Fibonacci - Divide and conquer algorithm

Question

#include <iostream>
using namespace std;

int main() {
    int i=1;
    int j=0;
    int k=0;
    int h=1;
    int t=0;
    int n;
    cin>>n;

    while (n) {
        if (n%2) {
            t=j*h;
            j=i*h+j*k+t;
            i=ik+t;
        }

        t=h*h;
        h=2*k*h+t;
        k=k*k+t;
        n=n/2;
    }

    cout<<j;
    return 0;
}

This is the fastest algorithm for Fibonacci I found on the internet. Other algorithms I understand but this one doesn't make any sense to me.

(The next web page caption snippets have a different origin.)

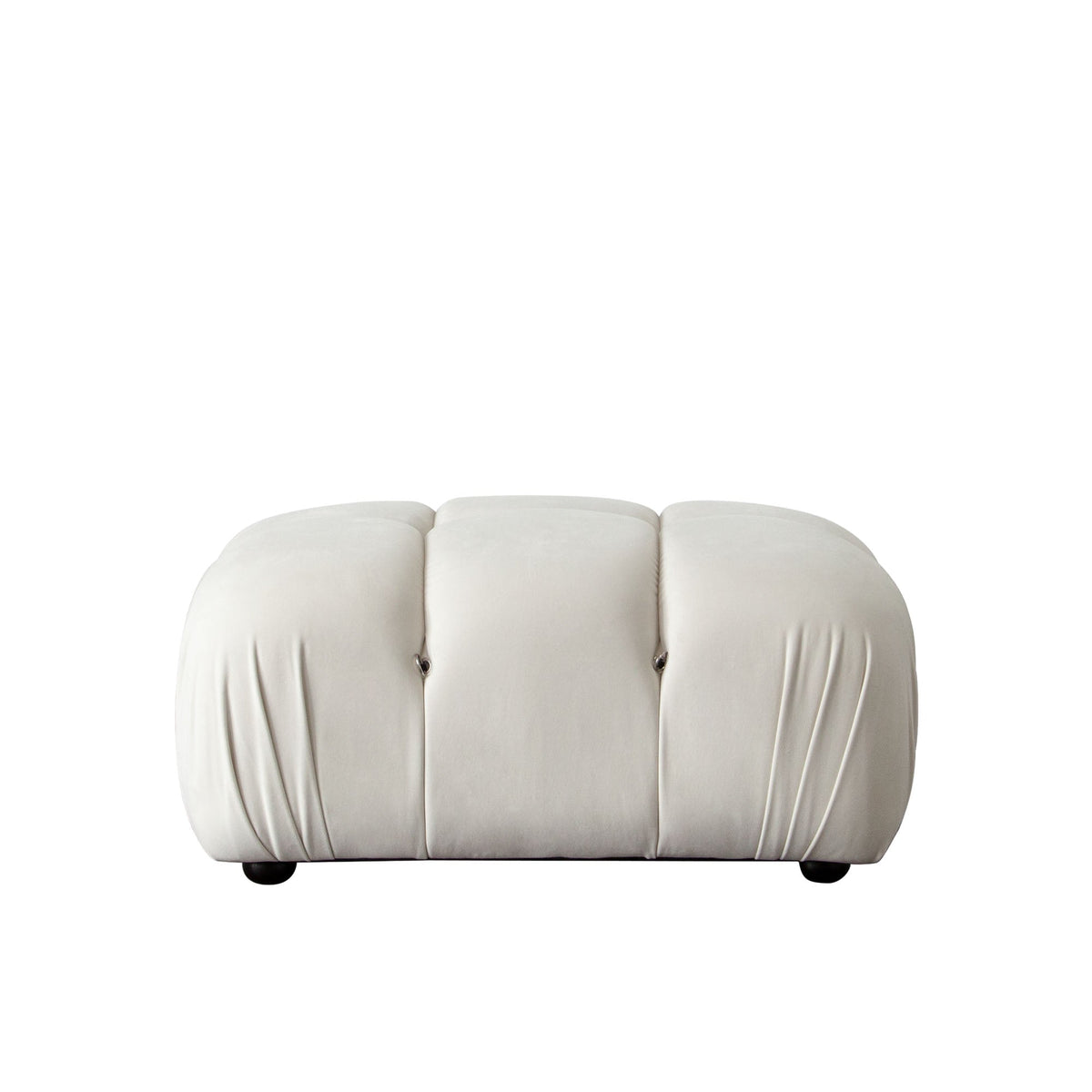 Paloma Bubble Tufted Velvet Modular Sofa – Rectangle Ottoman / Light Cream Velvet – alternate view – Lusso Furniture Miami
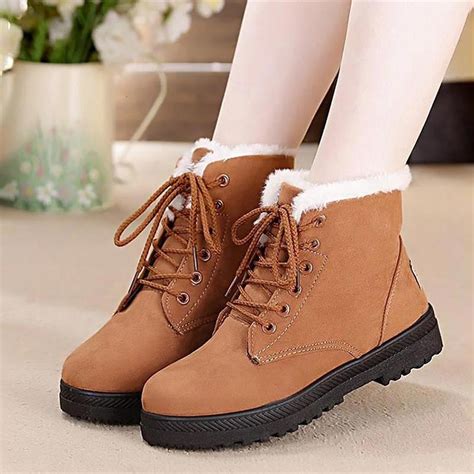 Modern Winter Warm Lace-Up Ankle Boots for Women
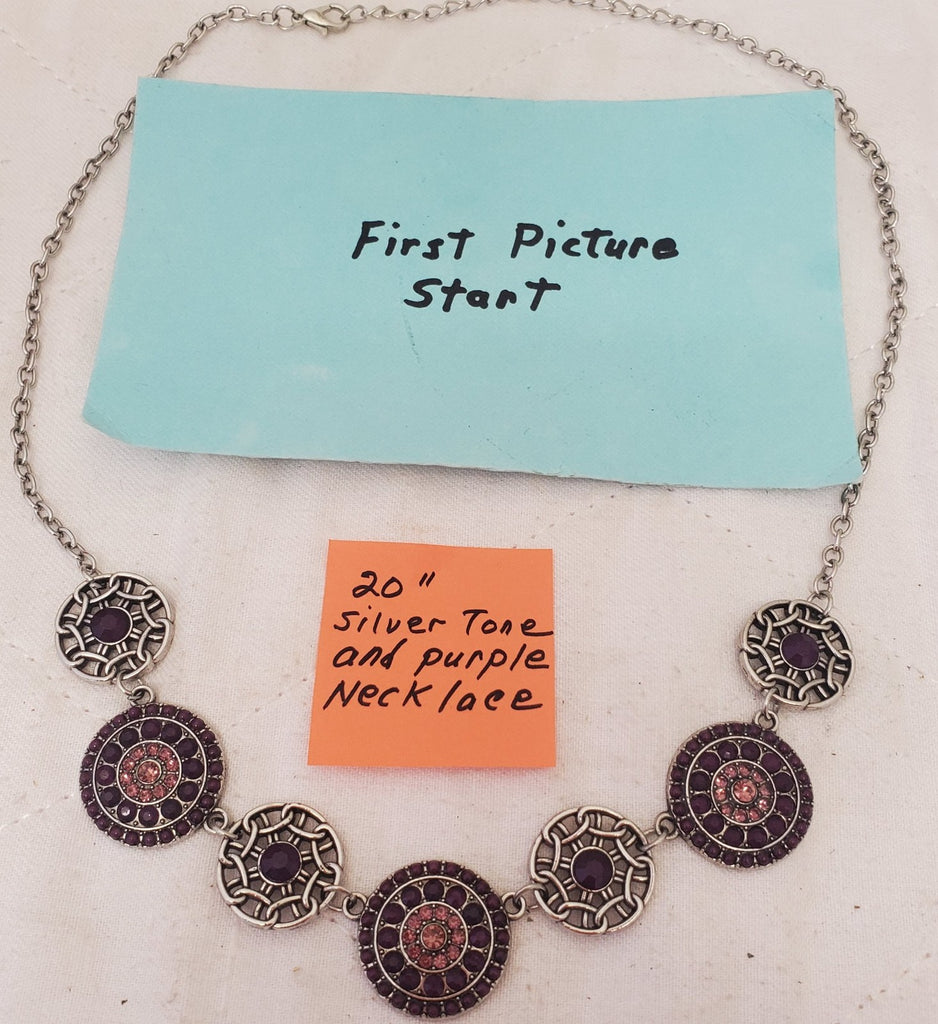 Paparazzi Vogue Garden Purple Beads Silver Tone Necklace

I don't see how this algorithm is related to matrix multiplication or exponentiation by squaring. Can someone explain?

Answer 1

This is the standard matrix method for calculating fibonacci numbers. Variables h, i, j and k are the four elements of a matrix. The matrix arithmetic is written out "longhand".

Answer 2

The matrix solution is to take matrix

1 1
0 1

And raise it to the power equal to the fibonacci number you want. You can do that using log(n) steps. You use the binary format of the power. At each step you multiply the matrix with itself (equivalent to multiplying the exponent by 2) and multiply witht the original matrix if the bit is 1 (equivalent to adding 1 to the exponent).

Now check again the code. The variables encode the 4 cells in the matrix and there's some inlining of the multiplication logic, but it's still the same.